Arturo se basa en la jurisprudencia de la Corte Interamericana de Derechos Humanos (CIDH) para afirmar que la decisión de cambio de nombre y sexo forma parte de sus derechos. Las reformas legislativas deben apuntar a que esta decisión pueda ser realizada mediante un simple trámite administrativo. El gestor cultural expresa que los procesos judiciales no son eficientes, lo que genera un desgaste económico y mental para quienes se enfrentan a ello. Señala, además, que sufren discriminación cuando les piden que modifiquen sus nombres sociales por uno unisex en lugar de escoger sus nombres haciendo uso de su libertad a plenitud. 

La escritura y cinematografía como mecanismo de salvación 

La vida de Arturo no ha sido sencilla. Él, como distintas personas pertenecientes a la comunidad LGBT, ha pasado por “terapias de conversión” e intentos de suicidio. En esa línea, el gestor cultural declara que a través de la escritura “podía vomitar lo que sentía”, por lo que ahora considera que este arte le salvó la vida. Así, su labor como dramaturgo lo ha llevado a dirigir su arte como un modo de reflexión en el que busca demostrar que los trans son más que “una persona con peluca y falda”. Él considera que su trabajo conlleva una responsabilidad de comunicación, conexión y empatía con los demás para luchar por sus derechos.

Arturo también se desenvuelve de forma autónoma en su carrera de cineasta. A la par, es miembro fundador de una productora trans en formación llamada “Se Logra Producciones”. El último trabajo para el que colaboró desde el equipo de producción es en el documental “Bajo el arcoíris” de “Más Igualdad Perú”. La esencia de las producciones de Arturo se sustenta en el aprendizaje, creatividad y ayuda constante, debido a que todavía no cuenta con recursos propios. El gestor cultural explica que esta propuesta escénica contará la historia de la comunidad LGBTIQ+ en Lima, Callao, Cusco e Iquitos. “¿Dónde queda la lucha de cada ciudad? El documental «Bajo el arcoíris» es una apuesta por hacer registro de lo que nadie quería registrar”, señala Arturo. Él invita a visualizar el contenido publicado en la plataforma digital de “Más Igualdad Perú” en YouTube.

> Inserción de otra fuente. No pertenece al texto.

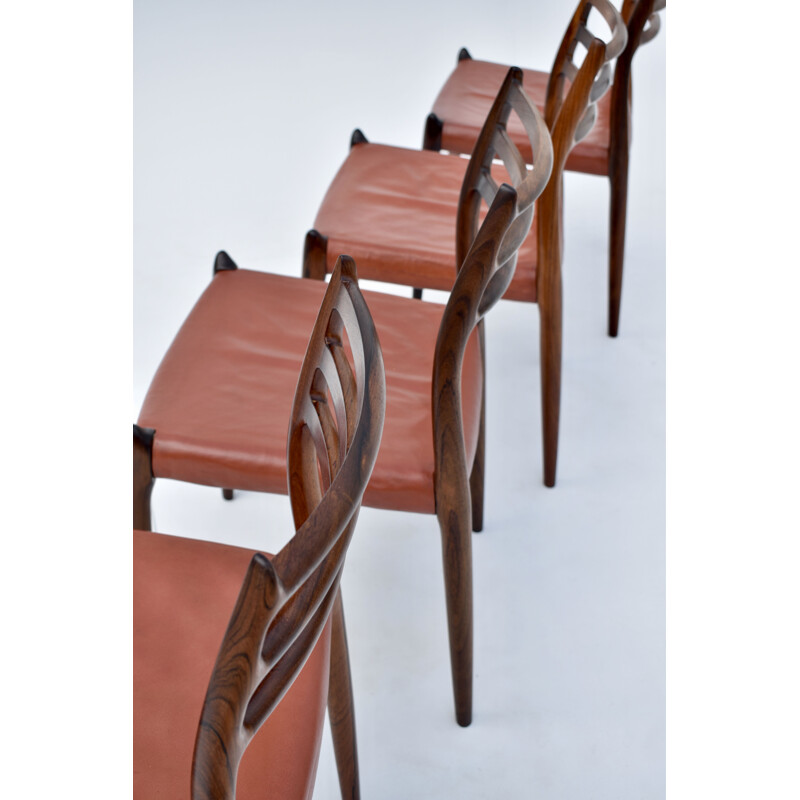 Set Of 4 vintage Model 78 Brazilian Rosewood Chairs With Original Leather Niels Moller  1960s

Pin hecho por Arturo Dávila. Foto: @lachamanatrans

Arturo invita a revisar su contenido en Instagram (@lachamanatrans) y apoyarlo con la venta de su laptop. Con el dinero obtenido, continuará con los proyectos que le asignan dentro de la escuela cinematográfica “Salvajes”, en la cual fue aceptado por su talento y compromiso. También comenta que está en venta su poemario «Las Luces y las Flores” para todos los interesados en envolverse en este arte. También vende pines con frases que dicen “Alguien que amo es trans”.

Después de haber contado su historia de vida y de lucha, por la visibilidad y supervivencia de la comunidad trans, Arturo envía un mensaje a la sociedad. Él invita a la difusión y colaboración con el trabajo de sus pares a través de las redes y otros medios con el objetivo de seguir fortaleciéndose entre sí. Tales acciones contribuyen con el derecho de las personas trans a llevar una vida digna y sin miedo. Él sostiene que su trabajo no solo abraza una manera de subsistir, sino también de lucha constante, por lo que es momento de que “pasemos del like a la acción».

Arturo esperanzado por el porvenir. Foto: Jhon Reyes.